State of Georgia - Part II Country Report - Handbook on Third-Party Funding in International Arbitration
Originally from Handbook on Third-Party Funding in International Arbitration
1.1. TPF Regime in Georgia
The market for, and trends in, Third-Party Funding (TPF) of commercial cases in Georgia resemble overall developments in the United States.
1.1.1. Are there any statutes or case law dealing with TPF or regulating Funders? If yes, please address these.
At present, Georgia has no statute specific to commercial TPF or otherwise regulating commercial funders, and the case law affords no definitive guidance on whether, as a general matter, commercial TPF agreements would offend state public policy or not. Among the contracts designated as specifically against public policy are “[c]ontracts of maintenance or champerty.” O.C.G.A. § 13-8-2. All indications, however, are that TPF arrangements governed by Georgia law or being considered by Georgia courts would not be implicated by this provision per se or otherwise represent any public policy violation. First, reported decisions invoking this provision to invalidate contracts on public policy grounds are scarce, with the last such occurring decades ago and involving an engagement agreement between lawyer and client. Second, a much more recent decision implicitly approved of a commercial litigation funding arrangement. In a dispute between an investor and the TPF, the investor plaintiff raised, among other arguments, a public policy challenge to the underlying TPF contract. In rejecting that challenge, the Georgia Court of Appeals noted that the plaintiff had not shown or alleged that the contracts’ purpose was in any way illegal.”
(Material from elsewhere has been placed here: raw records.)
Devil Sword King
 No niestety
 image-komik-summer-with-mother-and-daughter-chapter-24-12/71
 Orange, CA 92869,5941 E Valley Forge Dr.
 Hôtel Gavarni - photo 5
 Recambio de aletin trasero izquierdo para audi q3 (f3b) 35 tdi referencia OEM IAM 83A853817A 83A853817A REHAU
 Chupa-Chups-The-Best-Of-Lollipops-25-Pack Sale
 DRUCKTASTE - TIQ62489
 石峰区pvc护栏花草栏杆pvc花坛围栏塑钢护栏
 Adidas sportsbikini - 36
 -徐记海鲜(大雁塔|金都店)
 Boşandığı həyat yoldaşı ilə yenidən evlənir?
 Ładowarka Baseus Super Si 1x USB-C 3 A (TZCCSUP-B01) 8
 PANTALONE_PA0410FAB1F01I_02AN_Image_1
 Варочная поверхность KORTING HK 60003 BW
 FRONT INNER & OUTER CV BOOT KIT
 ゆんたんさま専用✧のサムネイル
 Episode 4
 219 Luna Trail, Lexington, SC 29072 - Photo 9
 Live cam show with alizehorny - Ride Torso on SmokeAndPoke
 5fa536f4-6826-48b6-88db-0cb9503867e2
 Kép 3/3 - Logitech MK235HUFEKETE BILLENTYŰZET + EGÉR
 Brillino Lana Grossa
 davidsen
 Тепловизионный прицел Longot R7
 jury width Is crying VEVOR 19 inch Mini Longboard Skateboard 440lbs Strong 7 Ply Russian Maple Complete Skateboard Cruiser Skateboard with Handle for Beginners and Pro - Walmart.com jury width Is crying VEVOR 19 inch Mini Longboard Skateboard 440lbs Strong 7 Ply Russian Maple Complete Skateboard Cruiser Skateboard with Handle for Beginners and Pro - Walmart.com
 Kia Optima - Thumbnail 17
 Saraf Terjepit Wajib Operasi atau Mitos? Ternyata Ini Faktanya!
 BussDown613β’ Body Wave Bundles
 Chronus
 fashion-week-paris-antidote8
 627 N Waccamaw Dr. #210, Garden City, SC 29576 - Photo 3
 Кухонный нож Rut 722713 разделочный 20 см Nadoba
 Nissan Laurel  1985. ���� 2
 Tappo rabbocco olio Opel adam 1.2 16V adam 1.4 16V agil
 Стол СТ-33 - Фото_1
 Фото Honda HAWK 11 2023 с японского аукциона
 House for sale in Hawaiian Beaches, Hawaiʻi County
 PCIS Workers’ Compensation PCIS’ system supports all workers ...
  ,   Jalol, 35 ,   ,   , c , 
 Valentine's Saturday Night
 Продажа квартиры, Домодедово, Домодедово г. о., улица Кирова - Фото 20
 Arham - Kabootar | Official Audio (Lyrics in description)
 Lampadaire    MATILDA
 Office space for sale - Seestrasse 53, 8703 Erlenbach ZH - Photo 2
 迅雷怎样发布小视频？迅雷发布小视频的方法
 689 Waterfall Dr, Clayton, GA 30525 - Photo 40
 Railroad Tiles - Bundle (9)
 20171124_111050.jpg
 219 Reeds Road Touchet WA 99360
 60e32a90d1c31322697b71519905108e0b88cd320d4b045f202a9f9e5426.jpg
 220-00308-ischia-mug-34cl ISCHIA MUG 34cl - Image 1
In addition to the predictive aspect of this authority, for the reasons discussed in the preceding United States discussion, the concerns that animate traditional doctrines of champerty and maintenance are far less applicable in the commercial arbitration context. There, a funded party and the Third-Party Funder typically have more equal bargaining power. Additionally, Georgia policy favors a party’s general freedom to contract, even where it may lead to hardship on one side or unreasonable provisions.